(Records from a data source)
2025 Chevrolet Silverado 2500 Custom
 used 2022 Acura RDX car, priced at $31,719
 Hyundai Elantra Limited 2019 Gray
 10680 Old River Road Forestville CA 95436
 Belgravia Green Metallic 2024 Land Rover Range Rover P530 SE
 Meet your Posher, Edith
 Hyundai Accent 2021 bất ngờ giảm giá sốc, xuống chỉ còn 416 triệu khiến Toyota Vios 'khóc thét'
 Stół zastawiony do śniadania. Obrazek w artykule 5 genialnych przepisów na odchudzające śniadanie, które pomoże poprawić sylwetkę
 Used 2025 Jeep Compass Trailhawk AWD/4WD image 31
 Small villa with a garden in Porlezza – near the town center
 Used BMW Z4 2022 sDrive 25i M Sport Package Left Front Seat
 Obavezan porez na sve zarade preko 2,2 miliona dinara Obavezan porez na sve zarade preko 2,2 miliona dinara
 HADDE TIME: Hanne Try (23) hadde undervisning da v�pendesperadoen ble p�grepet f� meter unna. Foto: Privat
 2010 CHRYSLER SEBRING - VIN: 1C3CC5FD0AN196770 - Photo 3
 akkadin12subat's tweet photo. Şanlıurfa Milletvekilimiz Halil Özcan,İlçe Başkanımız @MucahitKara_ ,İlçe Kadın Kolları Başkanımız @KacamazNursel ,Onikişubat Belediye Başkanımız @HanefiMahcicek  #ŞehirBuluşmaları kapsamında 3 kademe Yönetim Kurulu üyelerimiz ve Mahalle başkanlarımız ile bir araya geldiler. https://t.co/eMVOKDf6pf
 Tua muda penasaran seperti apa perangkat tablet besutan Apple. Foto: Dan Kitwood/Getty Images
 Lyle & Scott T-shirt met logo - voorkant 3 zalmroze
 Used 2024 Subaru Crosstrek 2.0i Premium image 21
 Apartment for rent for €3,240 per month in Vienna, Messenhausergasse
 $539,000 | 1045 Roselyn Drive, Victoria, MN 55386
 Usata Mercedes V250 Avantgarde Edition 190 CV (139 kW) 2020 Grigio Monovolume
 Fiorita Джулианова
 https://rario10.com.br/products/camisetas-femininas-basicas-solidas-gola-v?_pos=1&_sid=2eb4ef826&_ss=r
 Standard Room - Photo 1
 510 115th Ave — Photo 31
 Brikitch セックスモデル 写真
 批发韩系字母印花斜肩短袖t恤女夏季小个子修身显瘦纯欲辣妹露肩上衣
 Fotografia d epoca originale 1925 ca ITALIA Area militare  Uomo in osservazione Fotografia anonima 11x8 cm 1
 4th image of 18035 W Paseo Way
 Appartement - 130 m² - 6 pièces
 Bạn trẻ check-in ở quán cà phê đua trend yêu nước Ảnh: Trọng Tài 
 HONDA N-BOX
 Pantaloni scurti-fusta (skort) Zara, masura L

_The task:_ Copy out only the lines of the records above from the one with "Used BMW Z4" through the one with "Victoria, MN 55386", exactly as they stand, both included.

_Solution to the problem:_
 Used BMW Z4 2022 sDrive 25i M Sport Package Left Front Seat
 Obavezan porez na sve zarade preko 2,2 miliona dinara Obavezan porez na sve zarade preko 2,2 miliona dinara
 HADDE TIME: Hanne Try (23) hadde undervisning da v�pendesperadoen ble p�grepet f� meter unna. Foto: Privat
 2010 CHRYSLER SEBRING - VIN: 1C3CC5FD0AN196770 - Photo 3
 akkadin12subat's tweet photo. Şanlıurfa Milletvekilimiz Halil Özcan,İlçe Başkanımız @MucahitKara_ ,İlçe Kadın Kolları Başkanımız @KacamazNursel ,Onikişubat Belediye Başkanımız @HanefiMahcicek  #ŞehirBuluşmaları kapsamında 3 kademe Yönetim Kurulu üyelerimiz ve Mahalle başkanlarımız ile bir araya geldiler. https://t.co/eMVOKDf6pf
 Tua muda penasaran seperti apa perangkat tablet besutan Apple. Foto: Dan Kitwood/Getty Images
 Lyle & Scott T-shirt met logo - voorkant 3 zalmroze
 Used 2024 Subaru Crosstrek 2.0i Premium image 21
 Apartment for rent for €3,240 per month in Vienna, Messenhausergasse
 $539,000 | 1045 Roselyn Drive, Victoria, MN 55386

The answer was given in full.